Dix ans après le début de sa mission de nonce apostolique en 2011, Gugerotti a signé l’accord historique qui, pour la première fois, régit les relations entre Bakou et l’Église catholique. Lors de la ratification – rappelle un livre publié en 2019 par la Fondation pour la promotion des valeurs morales de Bakou, intitulé « Le christianisme en Azerbaïdjan » – Gugerotti « a exprimé sa gratitude au gouvernement [azéri] pour avoir créé les conditions qui ont rendu possible [l’accord], soulignant que notre pays est toujours resté attaché aux principes de tolérance et soulignant que cet accord était le premier document de ce type, le Vatican n’ayant jamais signé un tel accord avec aucun État auparavant ».
« L’Azerbaïdjan », a déclaré Gugerotti dans son livre, « a une fois de plus fait preuve de tolérance.

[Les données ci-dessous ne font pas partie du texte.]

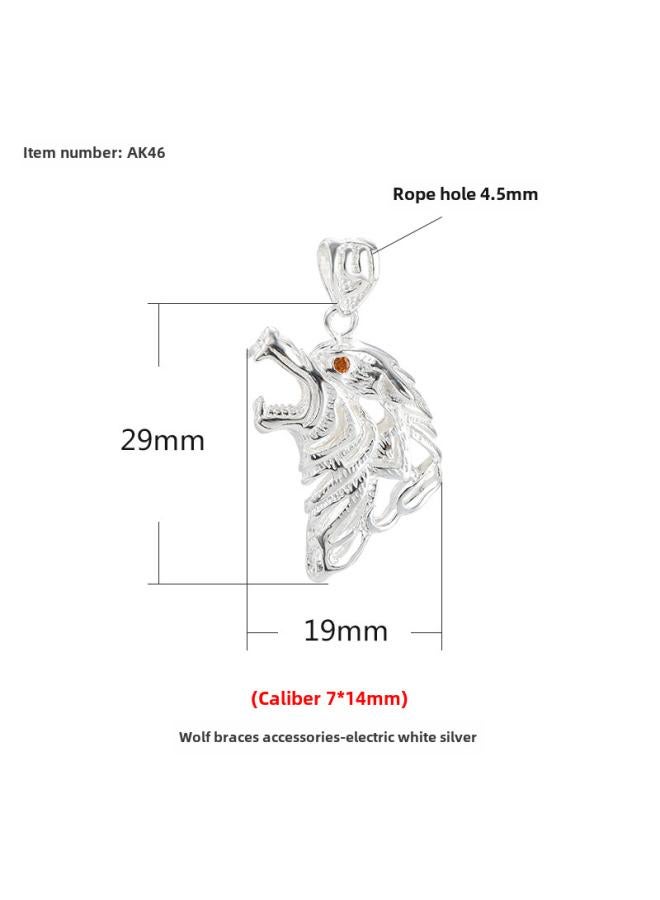 Spike Pendant Inlaid Accessories Spike Silver Cover S925 Sterling Silver Necklace Men And Women Dog Teeth Pendant Tibetan Mastiff Silver Holder
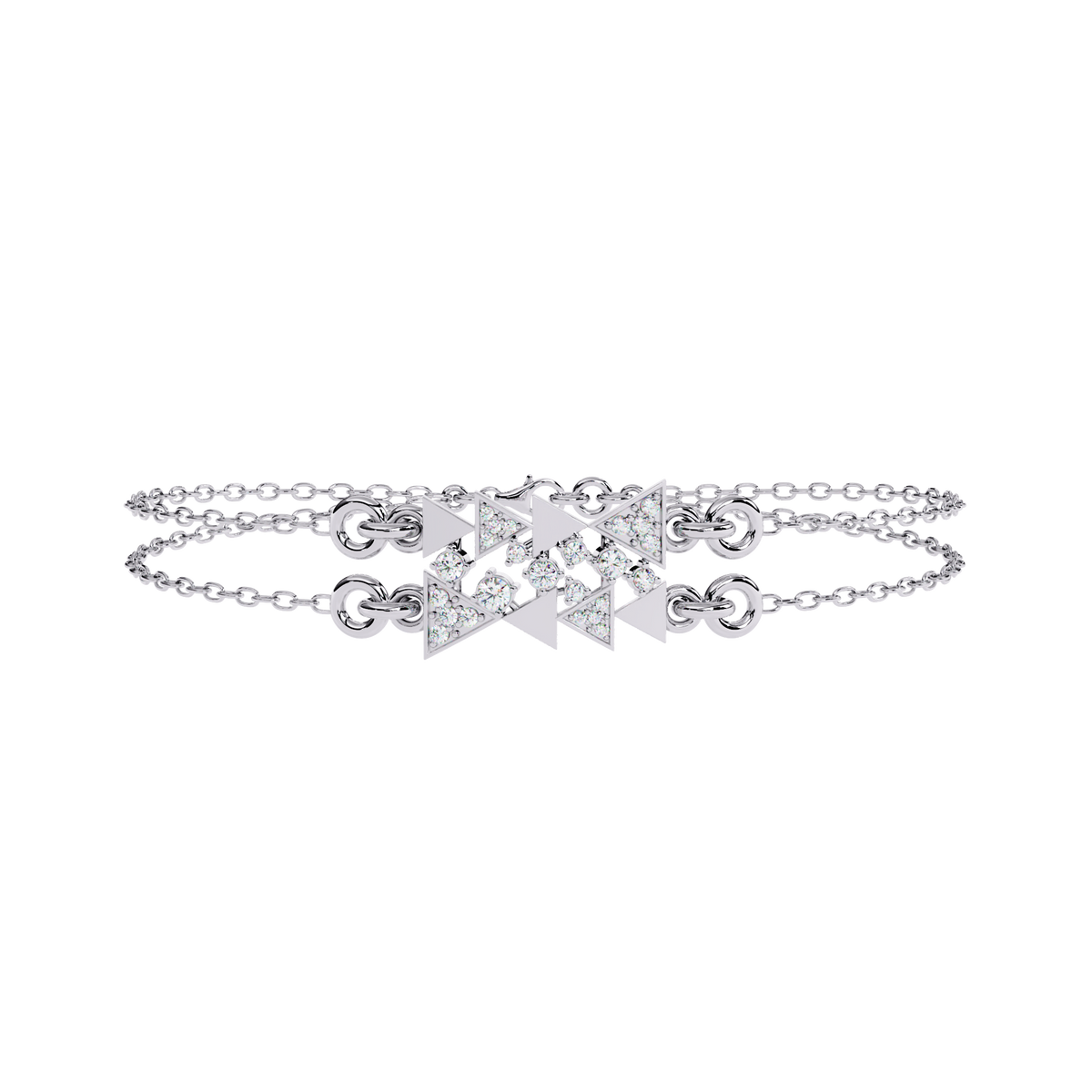 0.3 CTW geometric triangle pavé round diamond double-chain bracelet in White Gold, front-facing flat view – Lunéa Paris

Le monde entier en a été témoin. Je suis certain que ce document recevra un écho positif à l’échelle internationale et restera dans les mémoires comme un grand événement historique. La réaction de la presse dès le premier jour nous le confirme. Au nom du Trône et de la Couronne, j’adresse mes plus sincères remerciements au président Ilham Aliyev et au gouvernement azerbaïdjanais pour tout cela.»
Une demande de commentaires envoyée par IrpiMedia au secrétariat du cardinal concernant les événements tragiques au Karabakh est restée sans réponse, tout comme une demande de clarification concernant le rôle de Monseigneur Gugerotti dans la naissance et le développement des relations entre le Saint-Siège et la Fondation Heydar Aliyev , le bras économique et diplomatique de l’Azerbaïdjan ».
Quel est le prix des investissements de la fondation Alyev dans le patrimoine du Vatican ?
Comme le relève IRPI Média, la fondation Heydar Aliev finance aussi largement des restaurations au Vatican, notamment des « catacombes romaines (celles des saints Marcellin et Pierre sur la Via Casilina, mais aussi celles de Commodille [2012]), les Musées du Vatican (la restauration de la statue de Zeus dans le Musée Pio Clementino, qui fait partie des Musées, ainsi que les anciens cabinets de la Salle Sixtine), la Bibliothèque apostolique du Vatican (plus de 3 000 mille livres et 75 manuscrits) ». Le dernier projet concerne l’entretien des revêtements en marbre de Saint-Paul hors les murs…
Comme le relève Cath.ch lors du renouvellement de l’accord de mécénat de la fondation Alyev avec le Vatican en mars 2021, tout cet argent a un prix : l’absence de condamnation par le pape François des persécutions subies par les arméniens : « L’invasion du Haut-Karabagh, zone contestée, par les forces azéries pendant l’automne 2020, a d’ailleurs donné lieu à une réaction modérée de la part du Saint-Siège, qui s’est toujours abstenu de désigner l’Azerbaïdjan comme agresseur, malgré les appels de la communauté chrétienne arménienne et du patriarche suprême de tous les Arméniens, Karekin II. Lors d’un Angélus le 27 septembre 2020, le pape avait demandé des « gestes de paix ». Quelques mois plus tard, à l’occasion de son discours au corps diplomatique, le 8 février 2021, il a déploré la crise dans le « Caucase méridional », mais n’a pas mentionné spécifiquement l’Arménie ou l’Azerbaïdjan ».